Nearly all your family was here around you... telling stories, laughing, and crying as we waited with you. People who couldn't be here were sending in stories for us to tell. There was a lot of love. There is no where I would have rather been than by your side.

By the end of that day, most of your medical equipment had been packed up and moved out, and we had started to make your arrangements. It was strange, and very surreal. But I could still feel you here. I could feel you in the love that surrounded us, and in my heart. I still feel you. I know you'll always be there.

I love you,

Monday, February 23, 2015

Goodbye, Tony

Anthony Peter Conway, 36, ended his relationship with ALS on Friday, February 20, at his home outside Lexington. He was born in Glasgow, Scotland and grew up in southern England. He loved sports, and played rugby and soccer while growing up. He was also a member of the Royal Air Force Air Training Corps. His love of soccer and interest in the military brought him to Virginia Military Institute where he was a varsity letterman and soccer team captain. 

He had a broad range of talents and interests, and was good at almost everything he tried; he had a special talent for making others feel important. After graduating in 2001, he worked in construction and then taught English and technology at Rockbridge County High School for several years. He was then able to use his computer skills as a database manager at Rockbridge County Schools and then the Washington & Lee University Office of Admissions. He continued his love of soccer by following Celtic FC, coaching at RCHS, playing pick-up with the Lexington Vultures, and becoming Assistant Coach of the VMI men’s soccer team.

In 2011, he was diagnosed with ALS and devoted himself to making the most of the time he had. He had many incredible adventures, and encouraged everyone who knew him to make the most of every day. He wrote about his adventures and his illness on his blog, which touched many. The example he set made an impact around the world, especially in the Celtic FC and Rockbridge communities and within the VMI family. The outpouring of support during the Ice Bucket Challenge was a testament of the strength of his presence.
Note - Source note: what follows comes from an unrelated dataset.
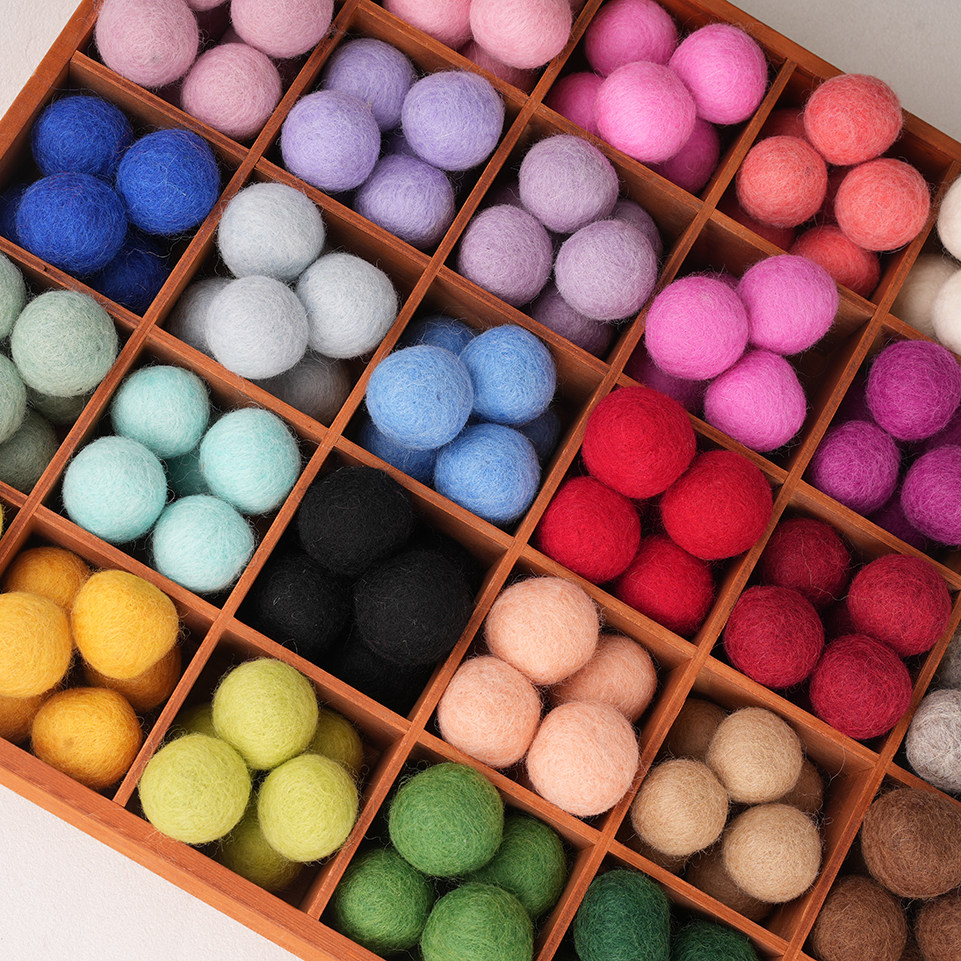 多巴胺色系3cm实心羊毛毡球羊毛球DIY手工配饰配件圆球圣诞装饰,淘宝优惠券,粉丝福利购,淘宝优惠卷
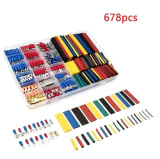 Pack 678 Pcs Tubos Termocontraible Retráctil Colores Mixtos Surtidos — miniatura 1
Tony is survived by his wife, Amanda Tardy Conway, and daughters Cora and Louise Conway; his parents, John and Pauline Conway of Charlotte, NC; brother, Martin Conway, his wife, Julie, and children, Clare, Ryan, Norah, and Ella Conway of Huntersville, NC; his wife’s family, Claudia Huffman, David Tardy, Phyllis Bennington, and Renata and Brian Kleinchester.

In lieu of flowers, contributions can be made to Rockbridge Area Hospice and the PackardCenter for ALS Research at Johns Hopkins. Arrangements will be handled by Harrison Funeral Home & Crematory and a memorial service will be held on Friday, March 6th at 11:30 AM in Jackson Memorial Hall at VMI, which a reception to follow at Moody Hall. By Tony’s special request, no one attending the service should wear black.